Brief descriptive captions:
= = = = = = =

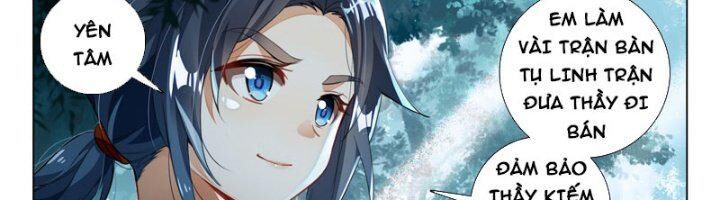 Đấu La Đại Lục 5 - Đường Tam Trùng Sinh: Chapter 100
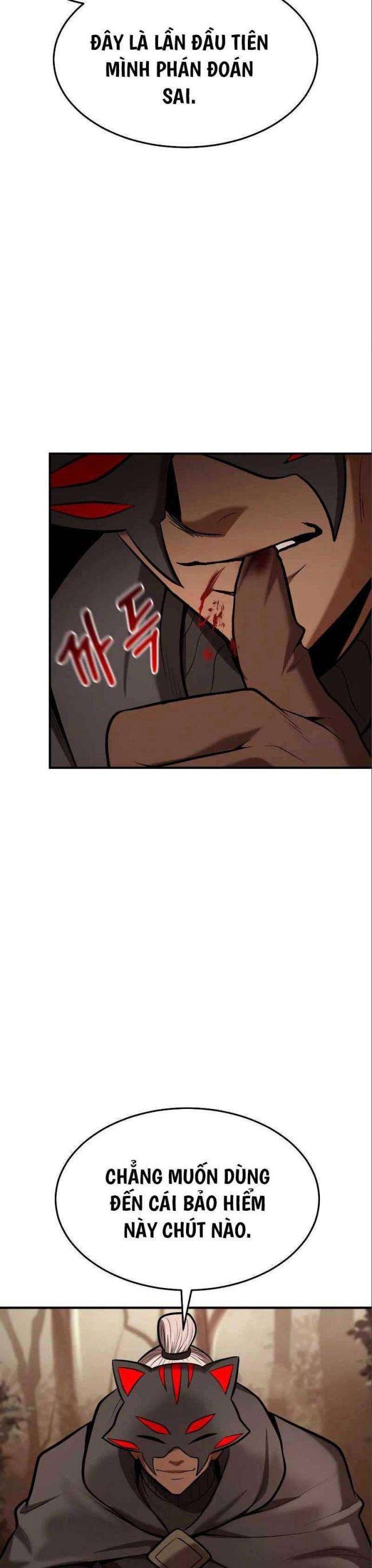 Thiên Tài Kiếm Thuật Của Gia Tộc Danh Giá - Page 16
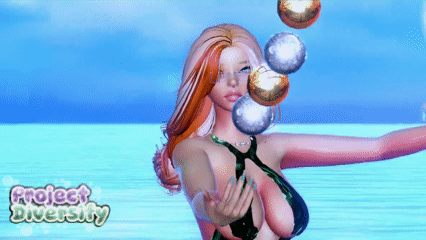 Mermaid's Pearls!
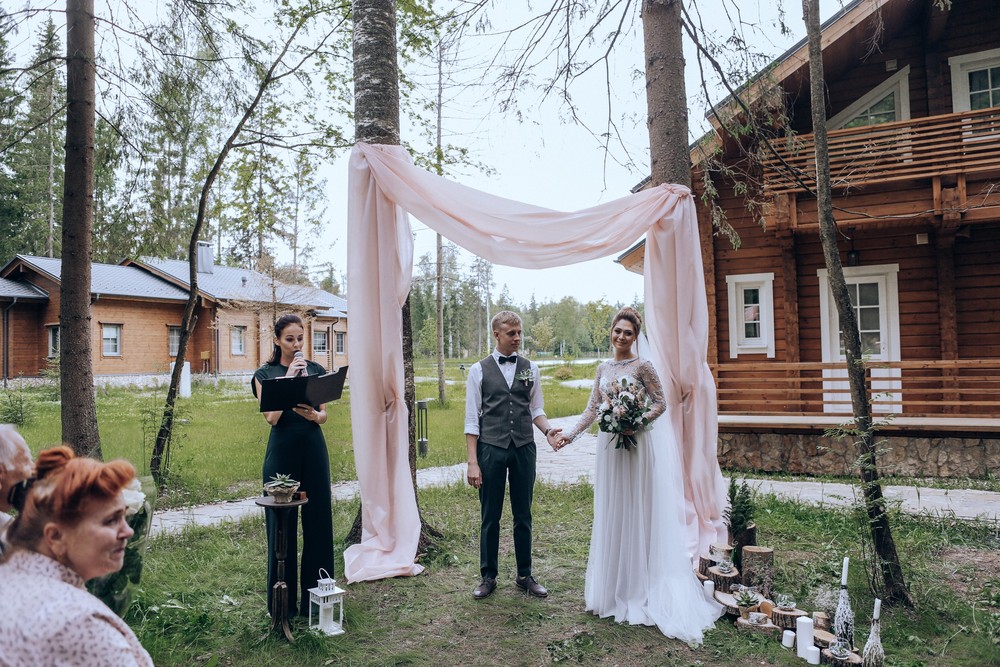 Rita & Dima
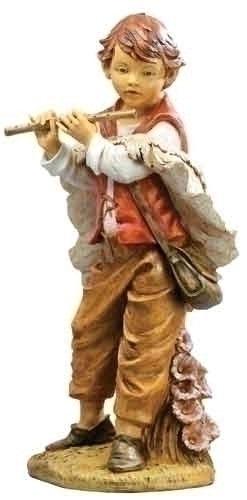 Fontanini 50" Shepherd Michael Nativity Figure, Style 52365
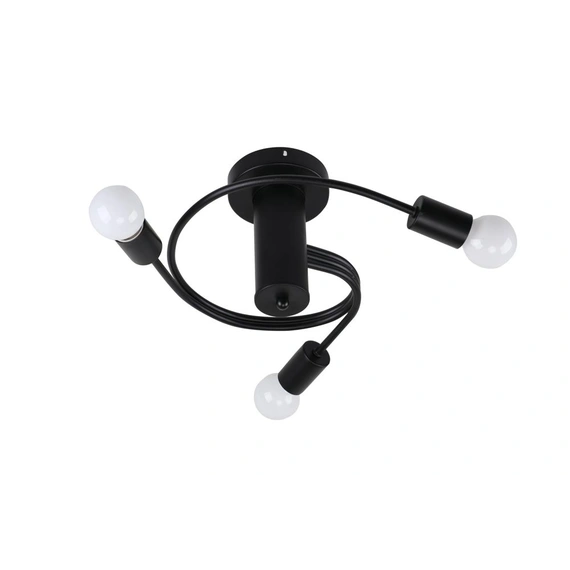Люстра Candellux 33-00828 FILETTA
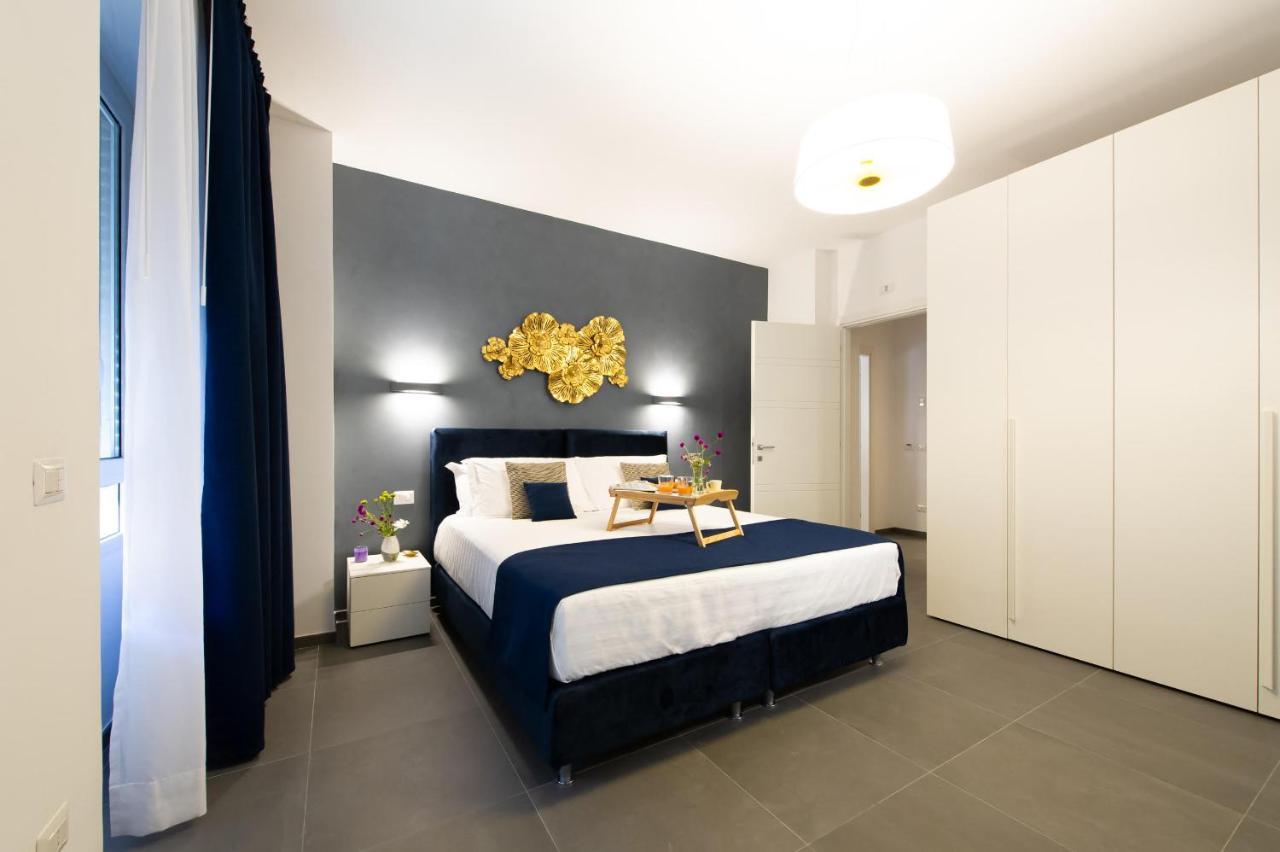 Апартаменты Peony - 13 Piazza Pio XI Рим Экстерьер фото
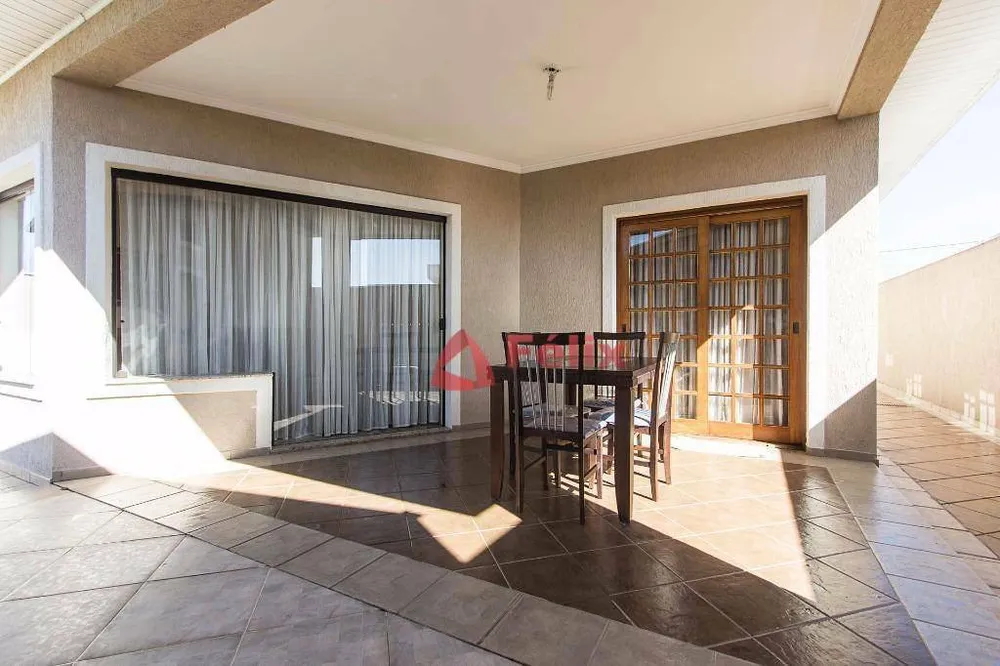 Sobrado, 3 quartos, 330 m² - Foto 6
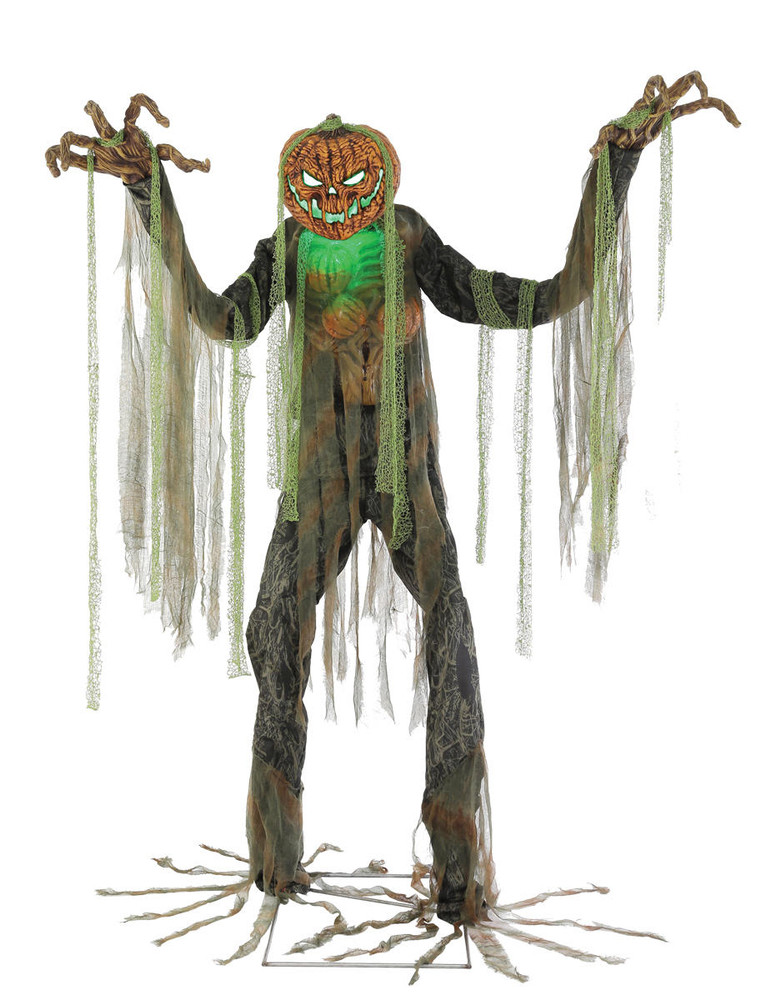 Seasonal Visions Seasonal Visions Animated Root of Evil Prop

= = = = = = =

→ **WHAT THE TASK REQUIRES**
Please copy the lines above exactly as written, apart from any pictures.

→ **TASK ANSWER**
 Đấu La Đại Lục 5 - Đường Tam Trùng Sinh: Chapter 100
 Thiên Tài Kiếm Thuật Của Gia Tộc Danh Giá - Page 16
 Mermaid's Pearls!
 Rita & Dima
 Fontanini 50" Shepherd Michael Nativity Figure, Style 52365
Люстра Candellux 33-00828 FILETTA
 Апартаменты Peony - 13 Piazza Pio XI Рим Экстерьер фото
 Sobrado, 3 quartos, 330 m² - Foto 6
 Seasonal Visions Seasonal Visions Animated Root of Evil Prop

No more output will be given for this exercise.